What’s a piece of writing advice that’s held true for you?
Kill your darlings. Not as a hard-and-fast rule, but a guideline to double check yourself. If you feel inordinately proud of your own cleverness, there’s a real chance you’re being too cute.
What’s the thing you read when you want to remember how to write?
I know this is the most obvious cliché, but Joan Didion. Pick an essay. She’s just an incredible writer, on a sentence level. She’s so good that zillions of young liberals seem to have never really picked up on the fact that she was a conservative. She’s so good that she makes it genuinely pleasurable to read things I vehemently disagree with on an ideological level. Hard to be a better prose stylist than that.
What’s a writing strategy you’ve developed that’s worked for you?
Just start writing. It doesn’t have to be perfect from the jump, just get the thought in your head down on the paper, and then the next one. Explain it to the reader like you’re explaining it to yourself, even if it sounds dumb, even if you rewrite it later, even if it just ends up being a really verbose outline of the eventual thing. Editing — or even completely rewriting — is a million times easier than writing something for the first time, so do whatever you can do to pull yourself to the other side of that draft.
What do you do with all the writing ideas that pop into your head? Where do they go?

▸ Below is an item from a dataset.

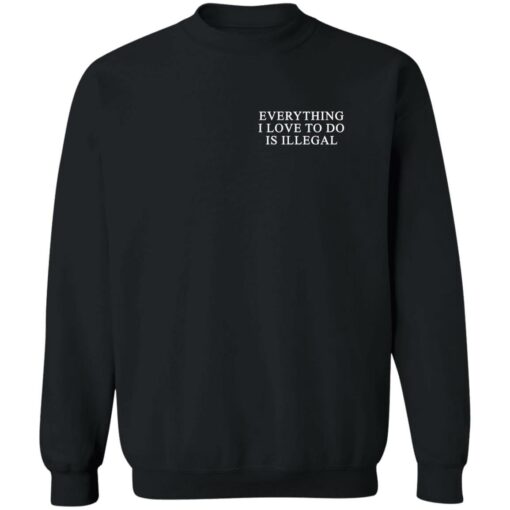 Everything I Love To Do Is Illegal Shirt Shirt Sweatshirt Long Sleeve Hoodie Tank Mug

I generate a lot of story ideas, and they are sort of… everywhere. They are in my Notes app, they are in my day planner next to my laptop, they are in a series of notebooks next to my day planner. The really good ones, I Slack to Paul, my editor, whenever they pop into my head. He will usually tell me to put them in a Google Doc we have for my story ideas, I think with the understanding that I am probably not going to do that. But then they are in Slack history, and they are in Paul’s head.
Do you actively think about ways to grow your audience? If so, how? If not, why?
No. I write because I want to explore things that I think are interesting or important, and if I’m right and I make my case then hopefully the people who read it will trust me the next time I ask them to read something, and maybe they will share it with someone else. Even during my years of freelancing, when I had a regular day job to pay my bills, my attitude was always that writing takes a lot out of me, mentally and emotionally, and it’s only worth it if I’m able to do it on my terms. So if there’s an audience for it, great. If not, I was pretty good at selling appliances, and people are always needing new appliances.
What’s your one tip (that doesn’t get discussed) for a writer trying to improve in 2022?
There is enormous value in listening to and understanding how people talk. The worst writing feels written — in the words themselves, you can feel the agony of the work’s creation. Good writing feels like someone is talking to you from the page. There’s a confidence to it, an ease that comes from understanding how real people communicate with each other, how their sentences round out, how they move between ideas.
Is there a thing you’ve written and have actually enjoyed going back and reading?
I got really obsessed with the boat that got stuck in the Suez Canal last year. Work let me write a blog about why I loved the big boat, which was really sort of about how thrilling I find it when the netherworld of global logistics accidentally makes itself visible to the people who aren’t supposed to notice it. For some reason, I ended up rereading it about a month ago, and not only do I think it’s actually a pretty good quick-and-dirty overview of how containerization changed the world, it’s also got one or two genuinely good jokes in it.